What makes osteoarthritis painful? Evidence of central sensitization in a cohort of subjects with hand osteoarthritis

Nidhi Sofat1, Cori Smee1, Monika Hermansson1, Matthew Howard1,2, Emma Baker1, Franklyn Howe1, Tom Barrick1. 1St George’s, University of London, London, UK, 2Institute of Psychiatry, King’s College London, London, UK

Background: Hand osteoarthritis (OA) is a prevalent condition for which treatments are based on analgesia and physical therapies. However, the majority of patients continue to have symptoms of pain and reduced function despite optimisation of current available treatments. We hypothesised that inflammation in the hand joints due to osteoarthritis enhances sensitivity and firing of peripheral nociceptors, thereby causing chronic pain.

Objective: We aimed to evaluate the characteristics of pain perception in a cohort of participants with hand OA to evaluate whether central sensitization contributes to pain perception in hand OA.

Methods: Participants with proximal and distal interphalangeal joint hand OA (n = 13) and non-OA controls (n = 13) were recruited. Clinical parameters of local joint disease including VAS (visual analogue score) for pain (0-100 mm scale), HAQ (health assessment questionnaire), Kellgren-Lawrence scores measuring radiological severity (scale 0-4) and pain thresholds using an algometer were assessed in Newtons. Central brain pain processing in all participants in the cohort was then evaluated using a standardised finger flexion-extension task. Subjects underwent brain functional magnetic resonance imaging (fMRI) whilst they performed the finger flexion-extension task to measure central components of pain processing. Activation of central pain processing pathways was then evaluated using group analyses with FMRIB software (www.fmrib.ox.ac.uk/fsl).
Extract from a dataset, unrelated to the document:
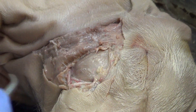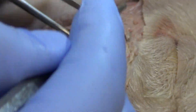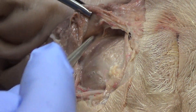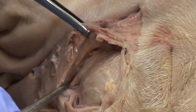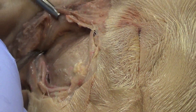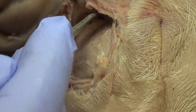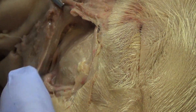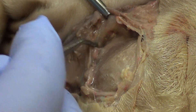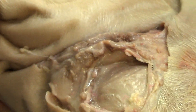Hiding underneath the parotid gland will be the next salivary gland. I'm going to take my probe — right here is the submandibular gland. I'm just going to work some of that out. Submandibular gland: where does it send saliva? Under the tongue at the lingual frenulum.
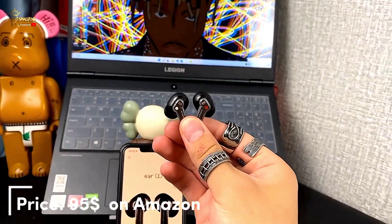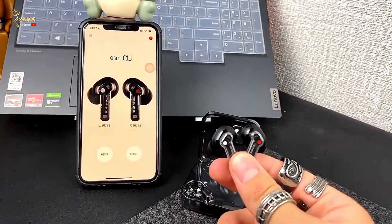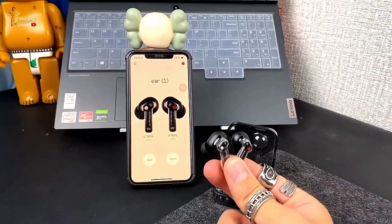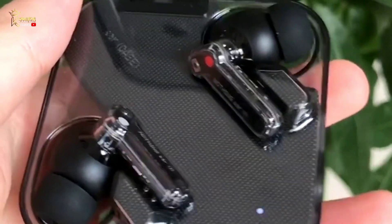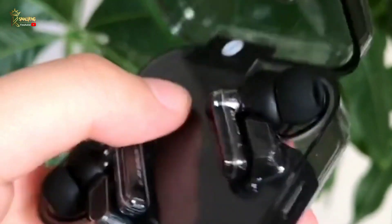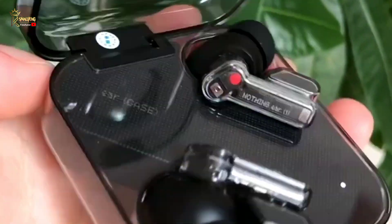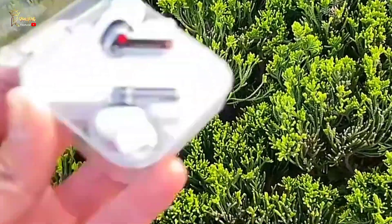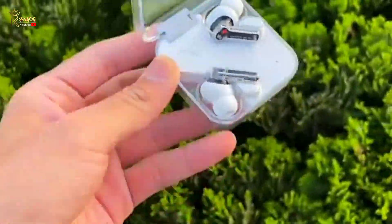Nothing's first attempt at true wireless earbuds checks a lot of the right boxes. At only 4.7 grams, these are some of the lightest and most comfortable earbuds around. The Nothing Ear One also sounds pretty good, has active noise cancellation, and has a great microphone. If you don't need the latest and greatest or the most customization, the Nothing Ear One is a great true wireless earbud option.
Results: All hand OA participants reported pain despite 92% taking oral analgesic drugs. The mean VAS in hand OA participants was 59.31 mm +/- 8.19 compared with 4.00 mm +/- 1.89 in the control group. Hand OA participants also had HAQ scores 8-fold higher than controls, indicating high levels of functional impairment. Objective measures of pain using algometers on 30 hand joint regions per subject (15 joint regions per hand) showed lower pain thresholds in the OA group versus controls (p<0.0001). There was a global reduction in pain threshold in the hand OA group despite the main radiological changes being found in the proximal and distal interphalangeal joints. Pain threshold in the OA group did not vary significantly with increasing radiological severity. Brain functional MRI during the painful finger flexion-extension task demonstrated increased activation of the thalamus, cingulate gyrus, frontal and somatosensory cortex in the hand OA group that was not observed in the control group (p < 0.05). The activated regions observed by fMRI in the hand OA group also showed a positive correlation with patient-reported VAS scores that mapped to pre-frontal limbic regions of the brain.

Conclusions: Our data demonstrate that hand OA subjects are sensitized to pain. Hand OA subjects demonstrate lower pain thresholds globally in their hands compared with controls. We found that hand OA subjects also have enhanced central brain sensitization as demonstrated by increased activation of central brain pain processing pathways. Our findings suggest that pain processing in OA is associated with activation of brain regions mediating emotion and fear as evidenced by upregulation of the pre-frontal limbic regions in the hand OA group. Development of future therapies could be targeted at modulating activation of central pain processing centres in OA to improve pain management in patients.